Out-of-order execution. If it is possible to do so without affecting correct behavior, the processors may execute instructions in a different order than they are listed in your program. This can hide the latency of long-running instructions.

Register renaming. Processors often have more physical registers than addressable registers in their instruction set (so-called "architectural" registers). This can be either for backward compatibility, or simply to enable efficient instruction encodings. As a program runs, the processor will "rename" the architectural registers it uses to whatever physical registers are free. This allows the processor to realize more parallelism than existed in the original program.

For instance, if you have a long sequence of operations on EAX and ECX, followed by instructions that re-initialize EAX and ECX to new values and perform another long sequence of operations, the processor can use different physical registers for both tasks, and execute them in parallel.

The Intel P6 microarchitecture does both out-of-order execution and register renaming.
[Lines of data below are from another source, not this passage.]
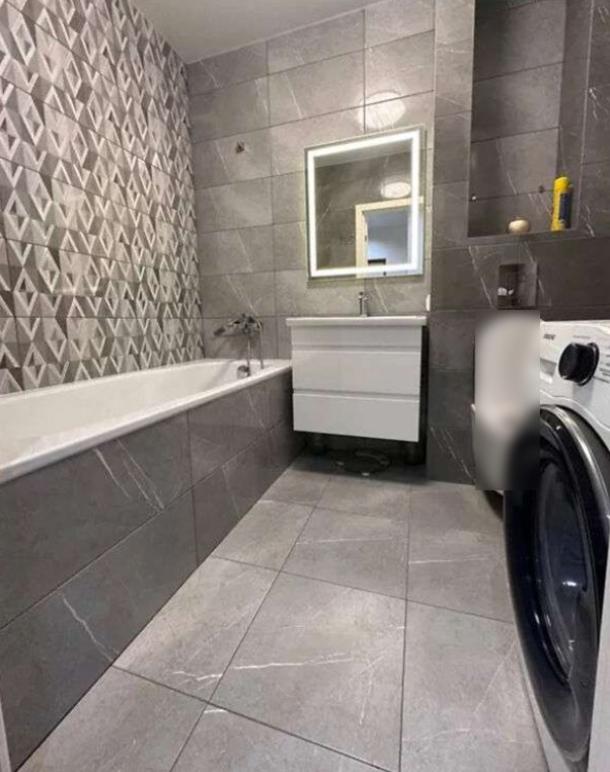 квартира, 2-кімн., Харьков, ХТЗ, Мира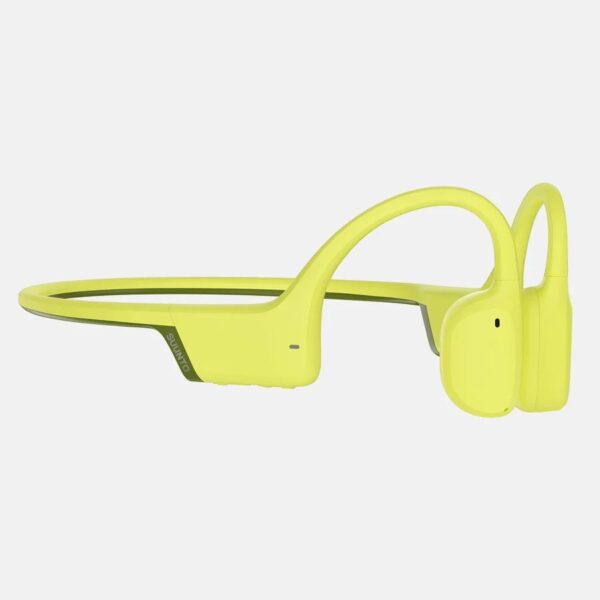 Cuffie a conduzione ossea Suunto Sonic - immagine 14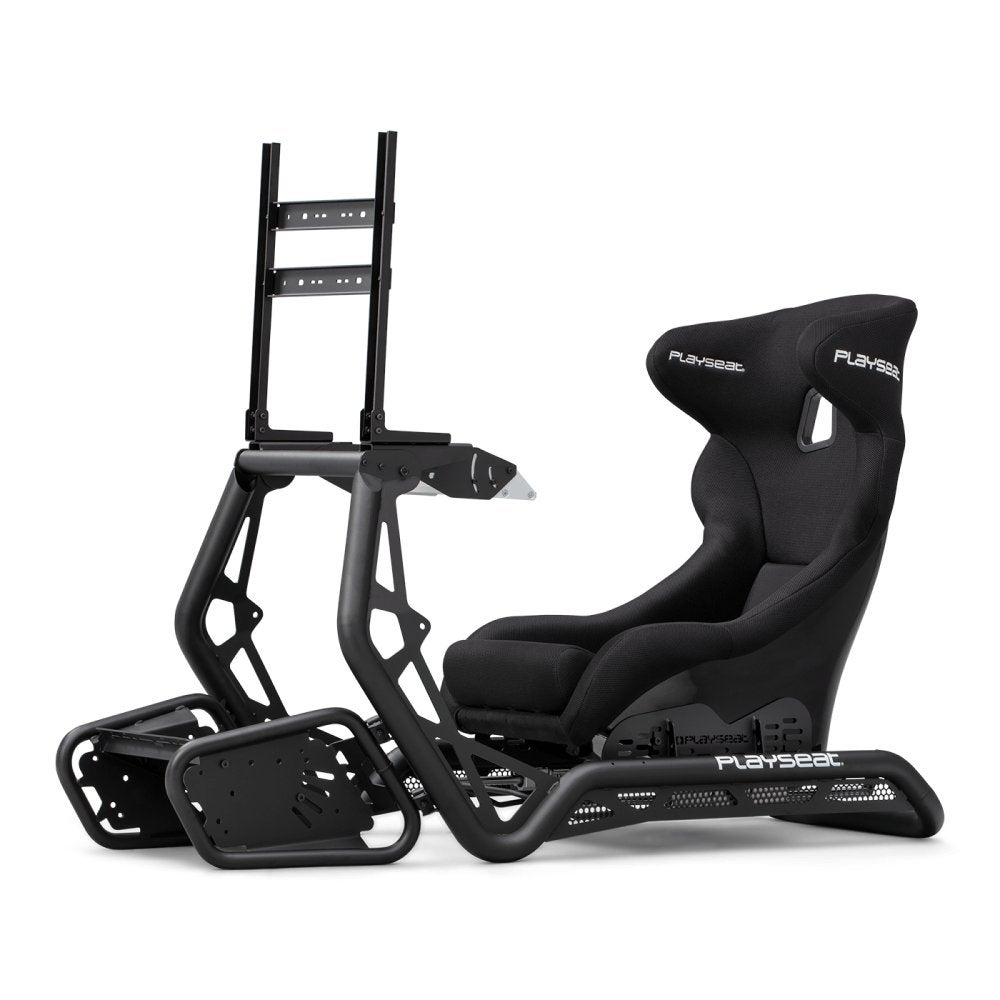 Playseat Sensation PRO Actifit - Nieuw, Consoles de jeu & Jeux vidéo, Jeux | Sony PlayStation 5, Neuf, Enlèvement ou Envoi, 1 joueur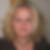 Profilbild von Sarah Gehlhar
The Core 2 architecture is the latest derivative of the P6.

To actually answer your question - it is basically impossible for you to determine performance by hand in the face of all these architectural optimizations.

回答6:

The kind of prediction you're asking for is hopeless.

If you want a rule of thumb, here are some rules of thumb:

• In the time it takes to get a word from level 2 cache, a processor can execute at least 10 instructions. So worry about memory access, not instruction counts---computation in registers is almost free.

• In the time it takes to get a word from RAM, a processor can execute thousands of instructions (this number varies by a couple of order of magnitude depending on the details of your hardware). Make sure this happens only on a cold cache; otherwise nothing else matters.

• If you're running on x86 CPUs, there aren't enough registers. Try not to have more than 5 live variables in your code at any moment. Or better yet, move to AMD64 (x86_64) and double the number of registers. With 16 registers, and parameters passed in registers, you can quit worrying about registers.

There was a time when every year I would ask an architect what rules of thumb I should use to predict the cost of the code my compilers generate. I've stopped, because the last time I received a useful answer was in 1999. (The answer was "make sure your loops fit in the reorder buffer". All those who know what a reorder buffer is may now raise your hands. Bonus points if you can discover the size of the reorder buffer on any computer you are currently using.)

回答7:

This only answers part of your question, but I found this table from Wikipedia on locality of reference helpful. It describes the speed of access to and amount of memory in different levels of the memory hierarchy, using approximate 2006 times:

• CPU registers (8-32 registers) – immediate access (0-1 clock cycles)
• L1 CPU caches (32 KiB to 128 KiB) – fast access (3 clock cycles)
• L2 CPU caches (128 KiB to 12 MiB) – slightly slower access (10 clock cycles)
• Main physical memory (RAM) (256 MiB to 4 GiB) – slow access (100 clock cycles)
• Disk (file system) (1 GiB to 1 TiB) – very slow (10,000,000 clock cycles)
• Remote Memory (such as other computers or the Internet) (Practically unlimited) – speed varies

回答8:

You can download the Intel 64 and IA-32 manuals here.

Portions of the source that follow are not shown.